[Caption-style text data]
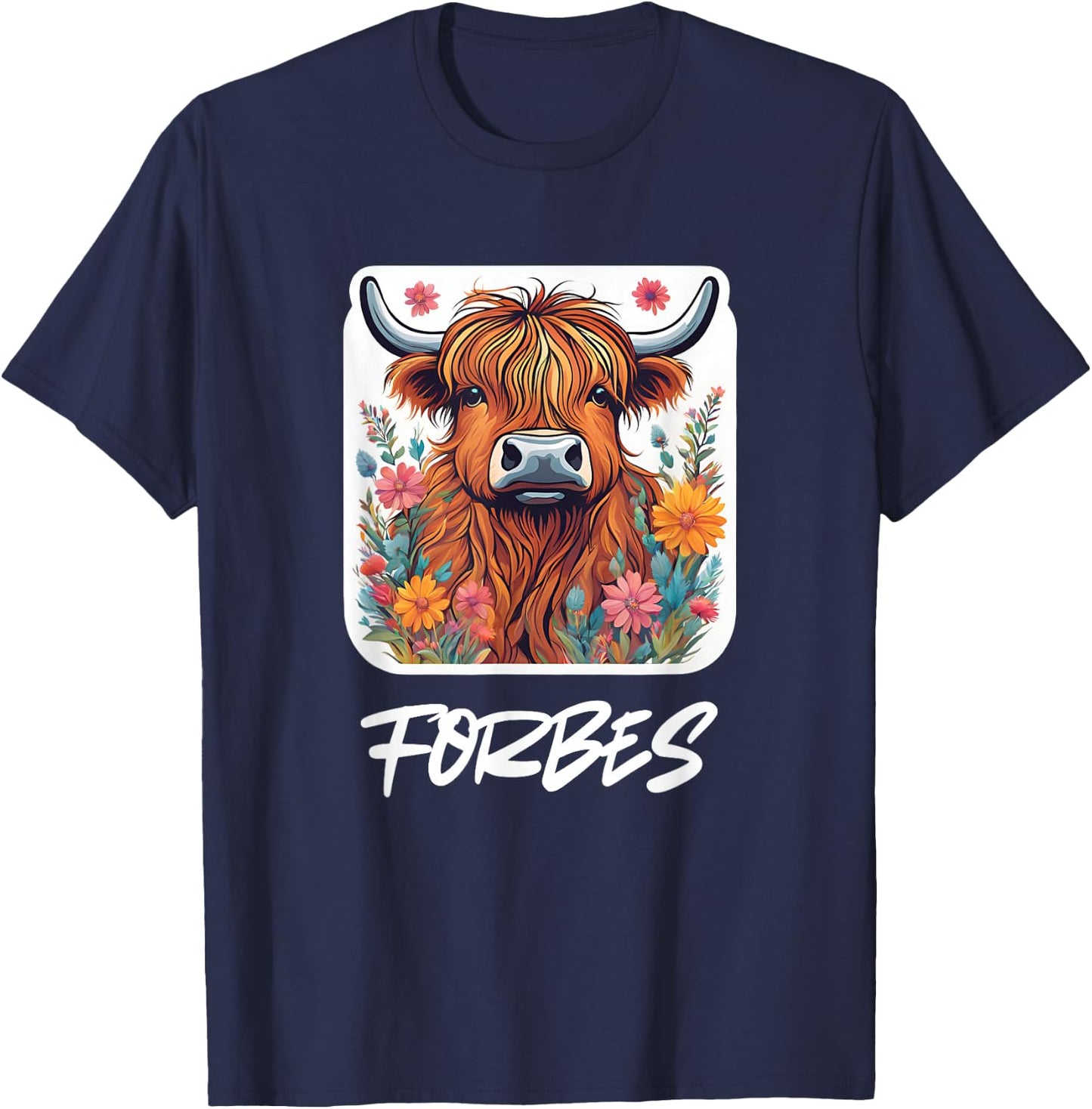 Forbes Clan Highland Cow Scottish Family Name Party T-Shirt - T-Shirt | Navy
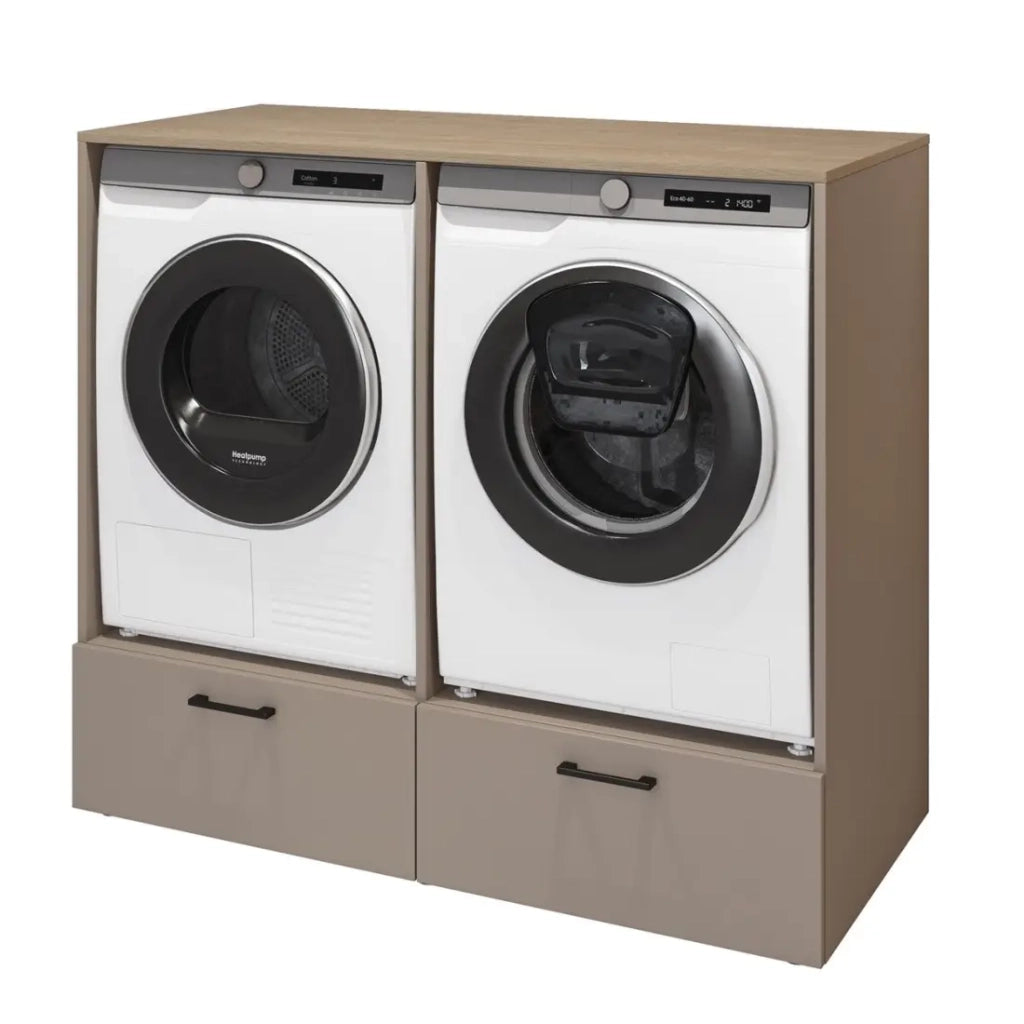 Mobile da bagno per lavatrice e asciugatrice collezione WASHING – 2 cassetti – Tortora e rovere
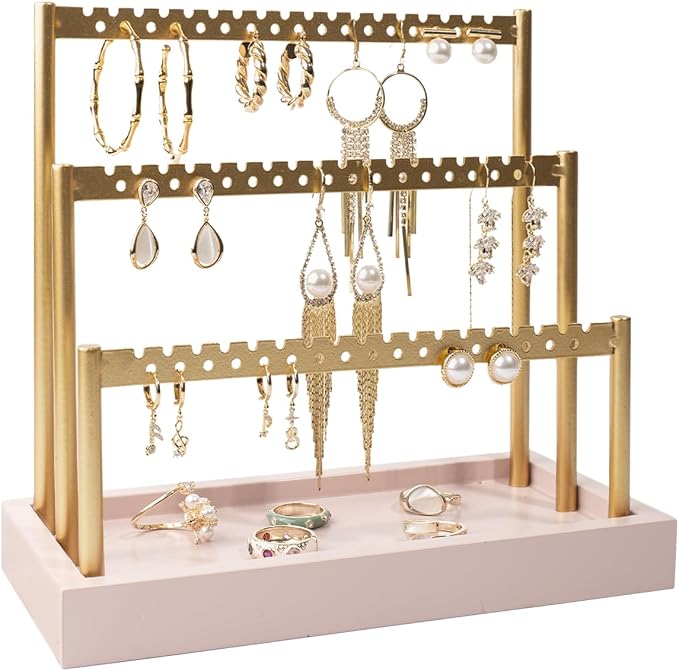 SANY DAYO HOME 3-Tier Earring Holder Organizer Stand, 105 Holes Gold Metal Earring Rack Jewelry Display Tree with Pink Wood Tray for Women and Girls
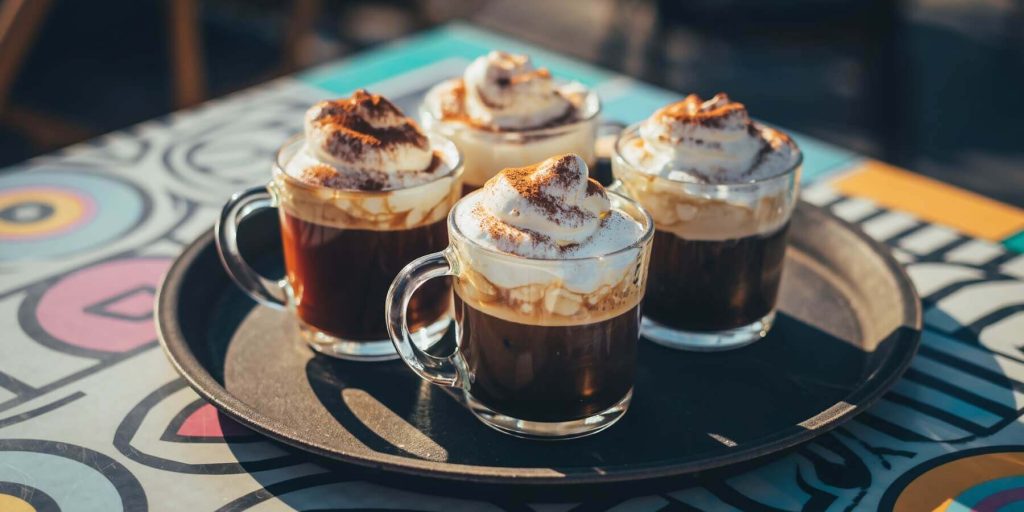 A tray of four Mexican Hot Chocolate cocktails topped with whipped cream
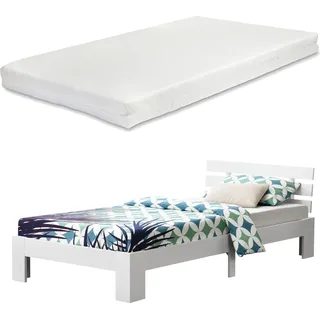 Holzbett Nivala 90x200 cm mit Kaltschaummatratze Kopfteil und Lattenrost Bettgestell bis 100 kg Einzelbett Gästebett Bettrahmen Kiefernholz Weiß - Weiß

» YOUR GOAL:
This exercise asks for an exact copy of the lines from the first one in the data through the line that contains "SANY DAYO HOME", pictures excluded.

» ANSWER SECTION:
 Forbes Clan Highland Cow Scottish Family Name Party T-Shirt - T-Shirt | Navy
 Mobile da bagno per lavatrice e asciugatrice collezione WASHING – 2 cassetti – Tortora e rovere
 SANY DAYO HOME 3-Tier Earring Holder Organizer Stand, 105 Holes Gold Metal Earring Rack Jewelry Display Tree with Pink Wood Tray for Women and Girls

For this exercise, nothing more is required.